Write out, exactly and only, the lines that run from the top of the records to the line with "2025 Jeep Compass Trailhawk AWD". Include both ends; exclude pictures.

Top of DATA SHOWN

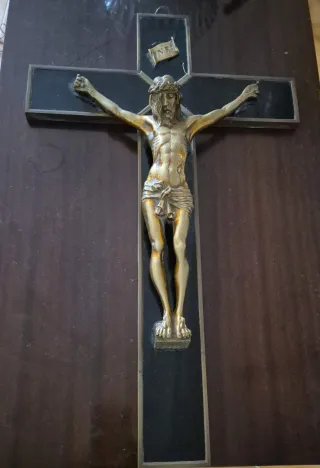 Crucifijo de pared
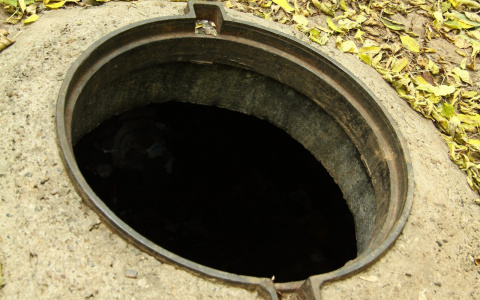 В Мордовии трое рабочих погибли в канализационном люке
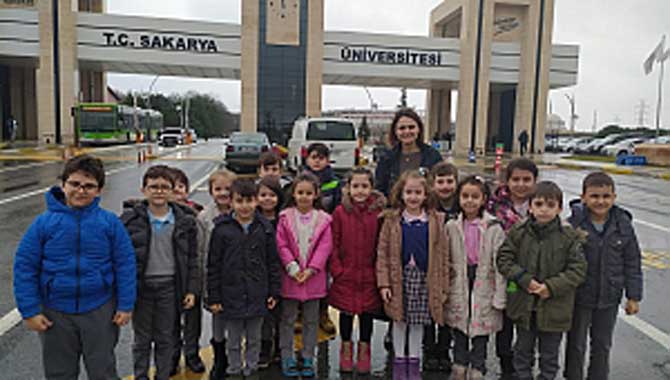 Minik Öğrencilerden Sakarya Üniversitesi Çıkartması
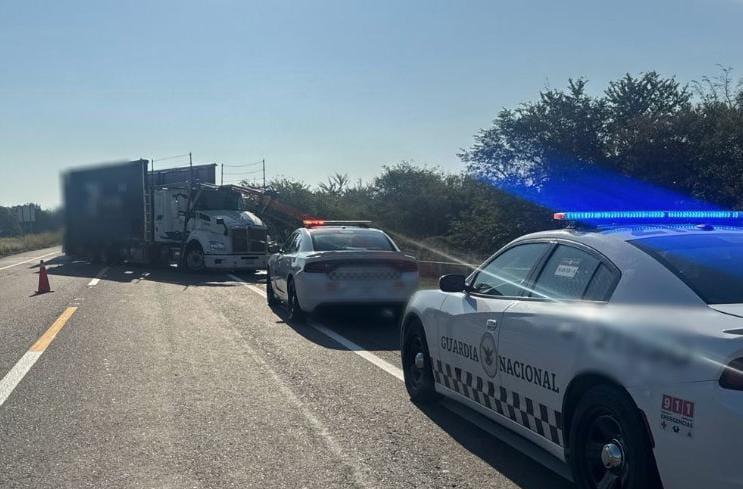 $!El choque se registró entre una nodriza y un vehículo este sábado.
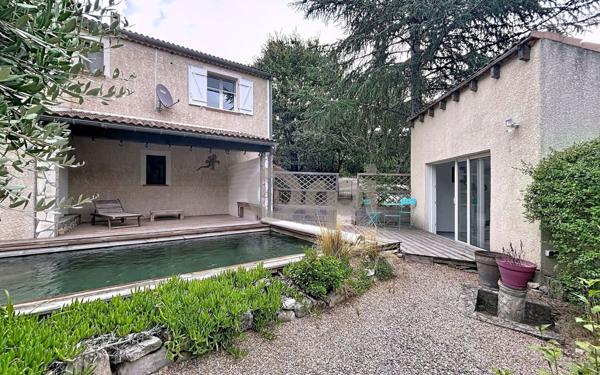 Maison à vendre    5 pièces • 122 m2 Vidauban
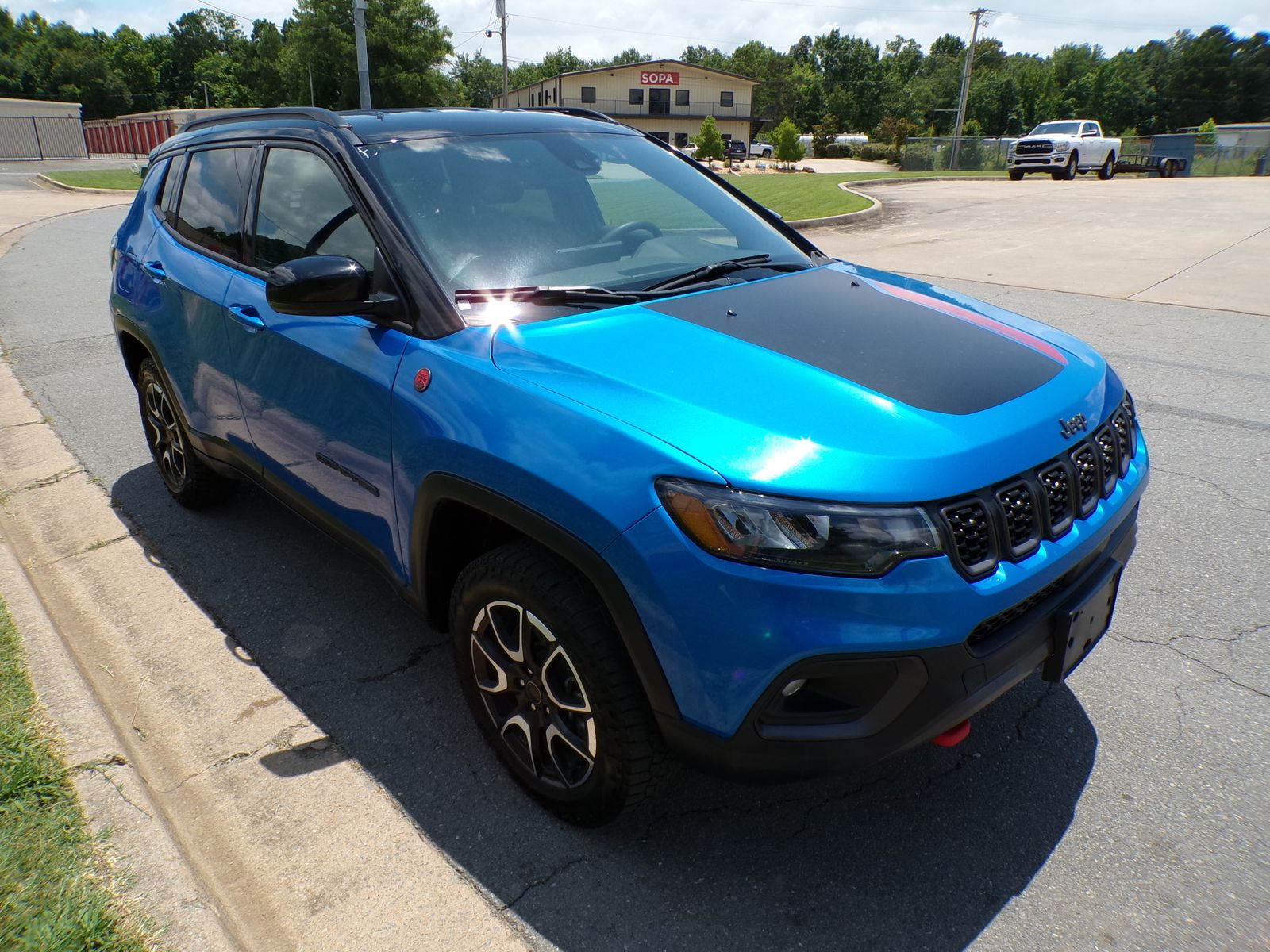 2025 Jeep Compass Trailhawk AWD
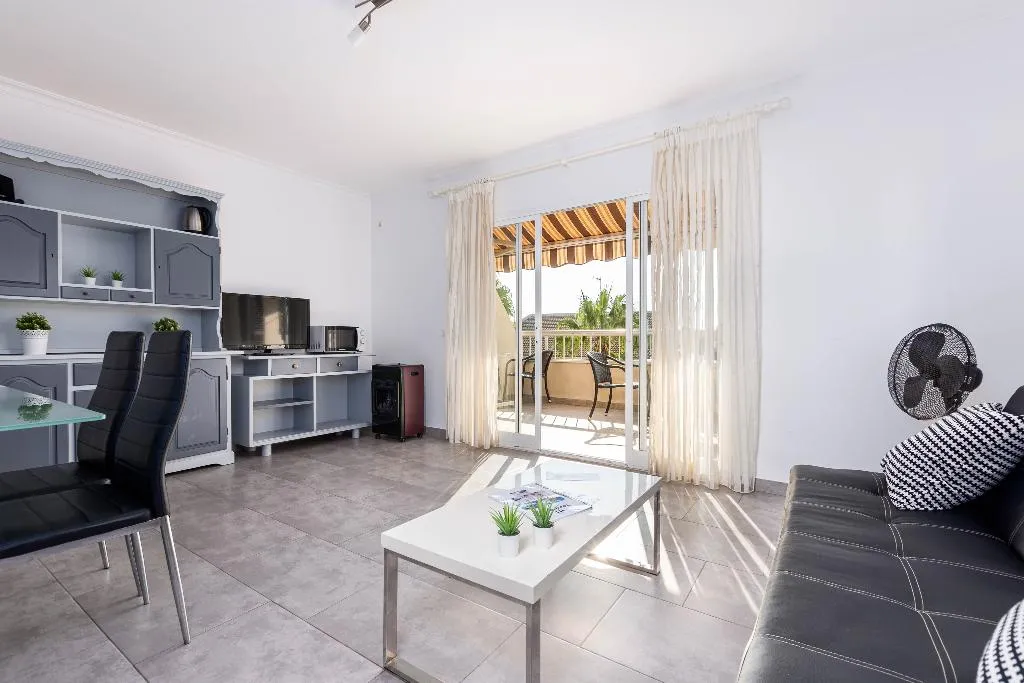 APARTMENT SUPERIOR WITH TERRACE Room, Acapulco Apartments, Majorca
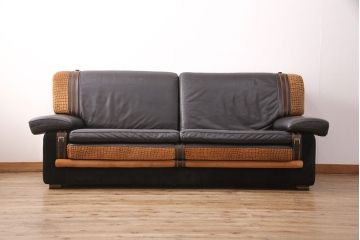 中古 GUCCI(グッチ) Formitalia(フォルミタリア) 希少品!エレガントな雰囲気を醸し出す本革ソファ(二人掛け、アームソファ)(定価約240万円)(R-051368)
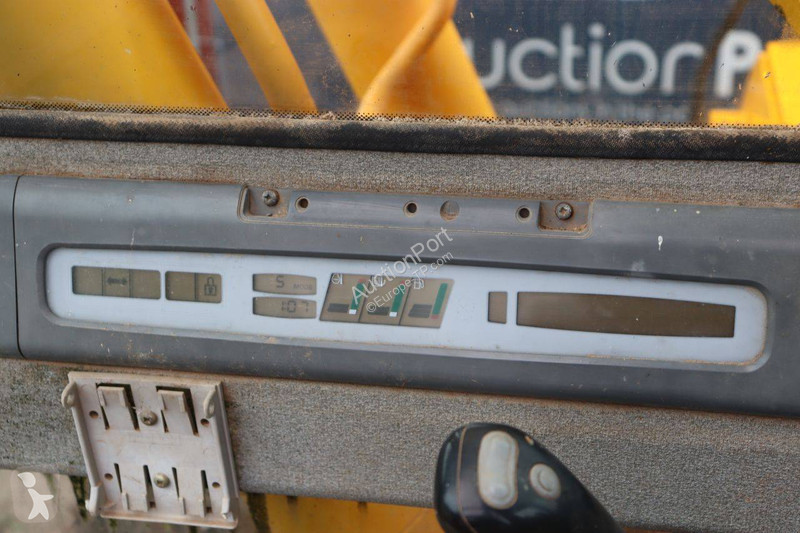 جرافة JCB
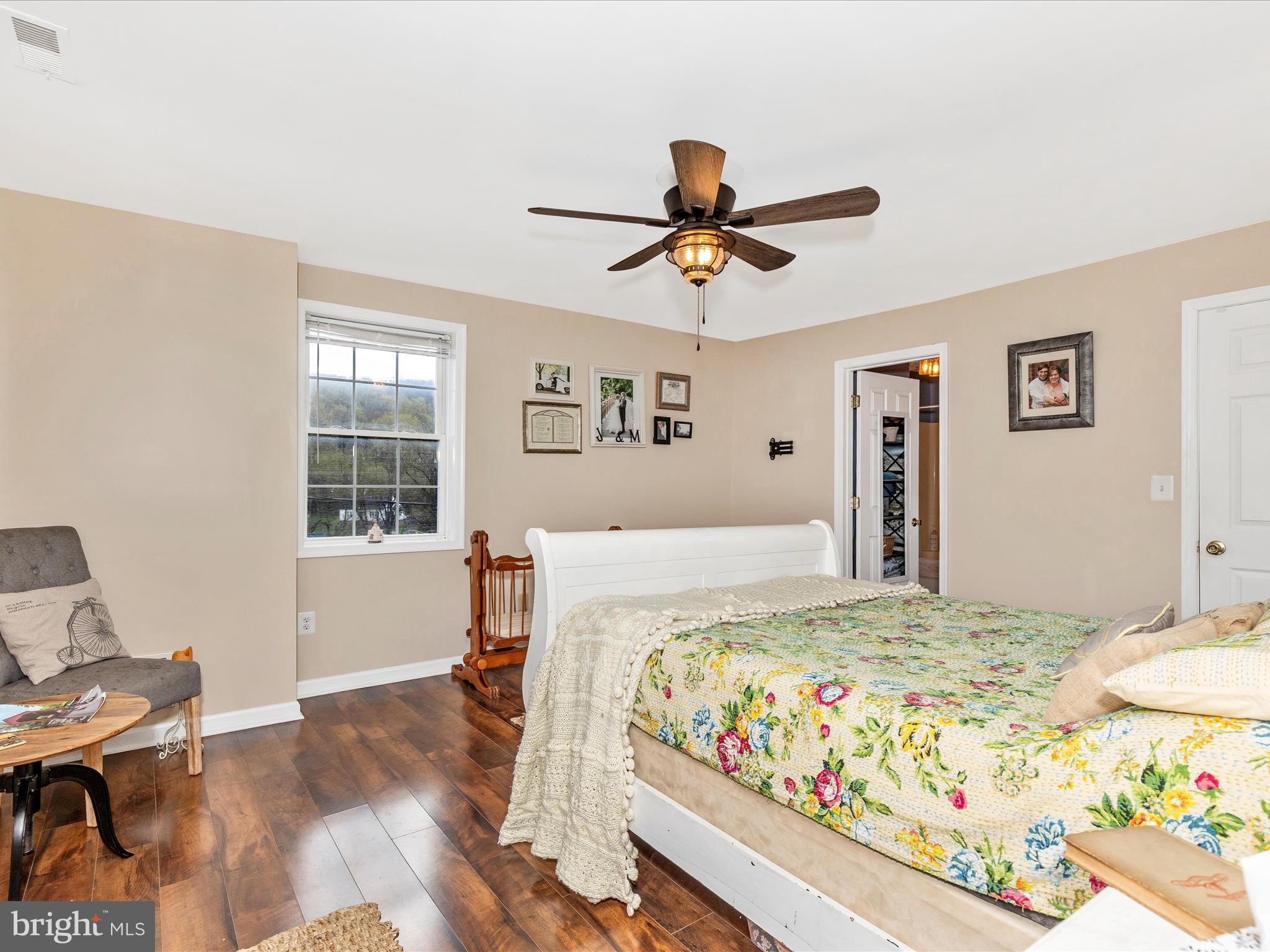 17128 Bentzel Road Sabillasville, MD 21780 - Photo 23 of 51 Bedroom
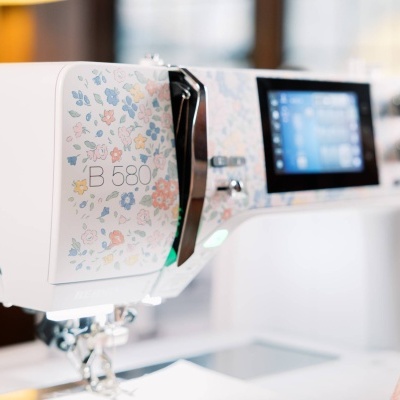 Bernina | B 580 - Edição Limitada Liberty Bernina | B 580 - Edição Limitada Liberty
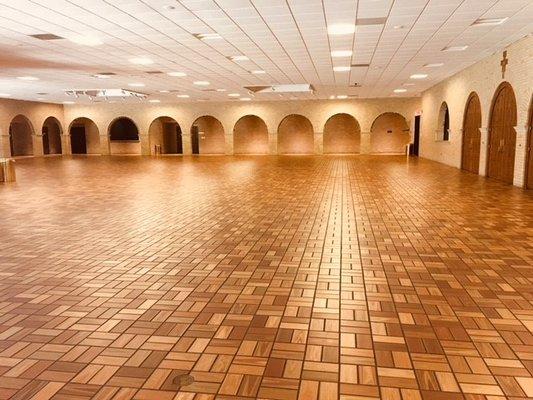 Commons Space- Perfect for Wedding Receptions, Fundraisers, or Parties. Seats up to 350 People Banquet Style. Room Capacity 400 People.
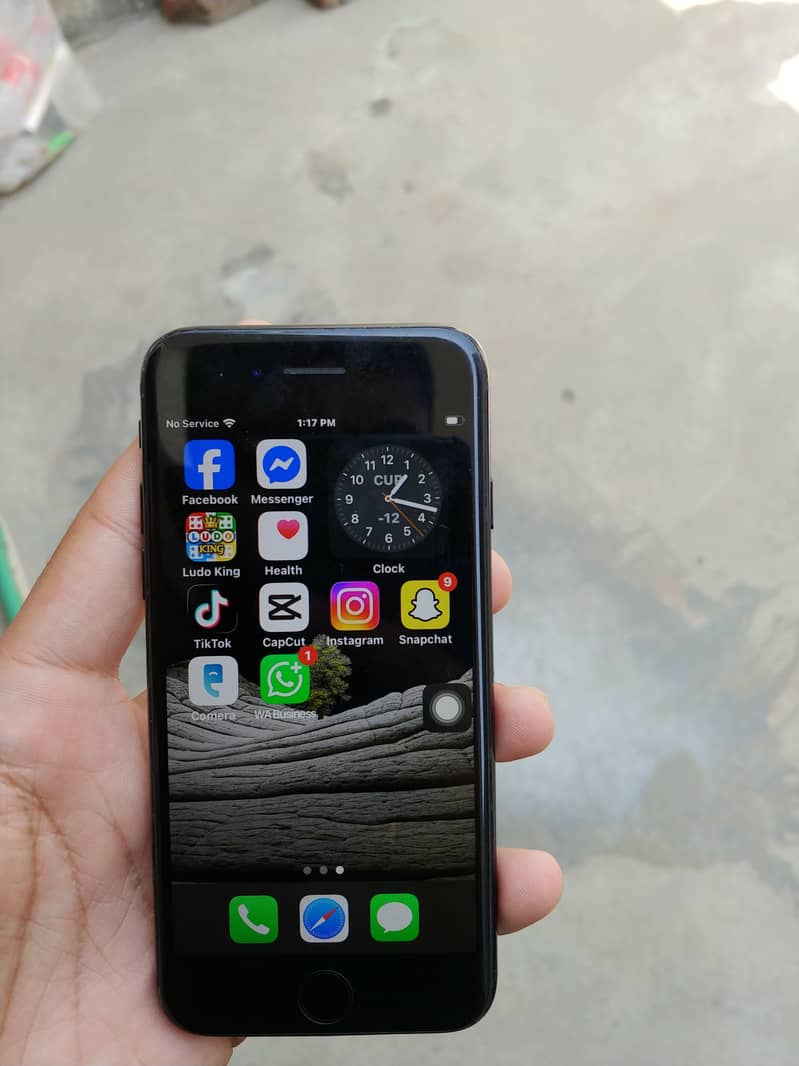 iPhone 7 6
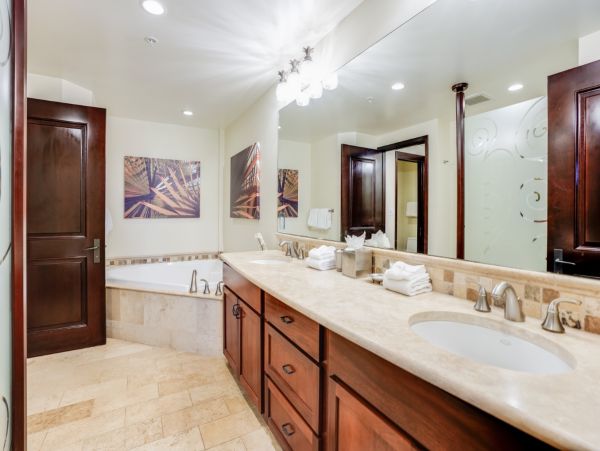 Oceanfront Elegance Luxurious 2 Bedroom Retreat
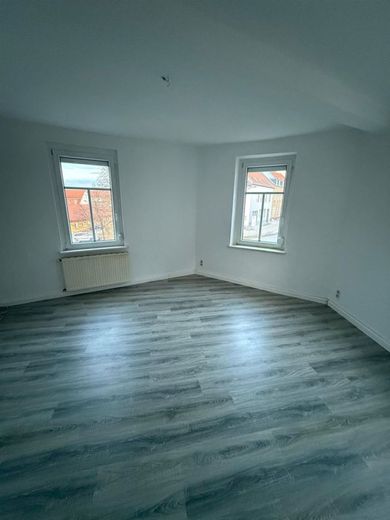 Gemütliche 3,5-Zimmer mit Laminat, SP, Wanne und Dusche in guter Lage! – PHOTO-2025-11-14-12-40-44_5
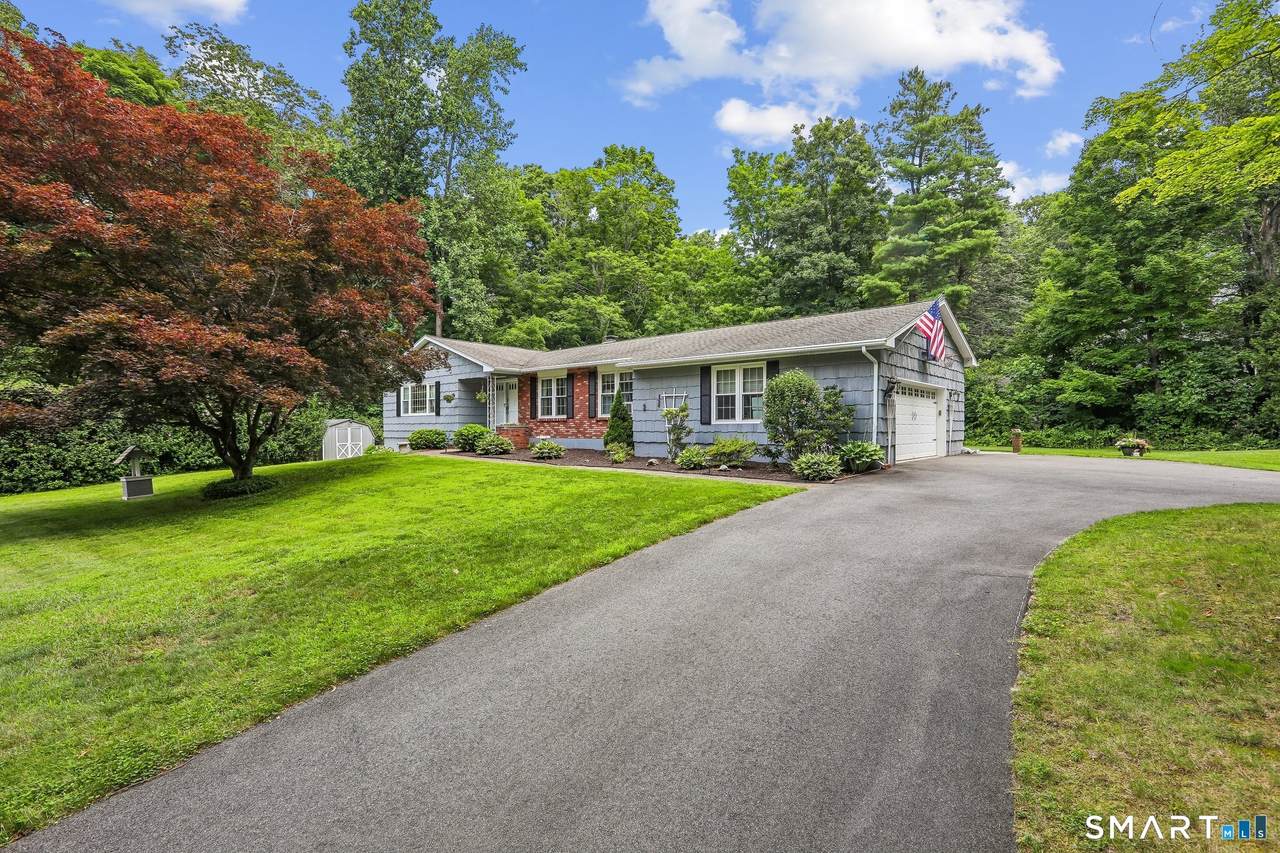 3 Linda Drive - Photo 1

Bottom of DATA SHOWN

* _FINISHED TASK_
 Crucifijo de pared
 В Мордовии трое рабочих погибли в канализационном люке
 Minik Öğrencilerden Sakarya Üniversitesi Çıkartması
 $!El choque se registró entre una nodriza y un vehículo este sábado.
 Maison à vendre    5 pièces • 122 m2 Vidauban
 2025 Jeep Compass Trailhawk AWD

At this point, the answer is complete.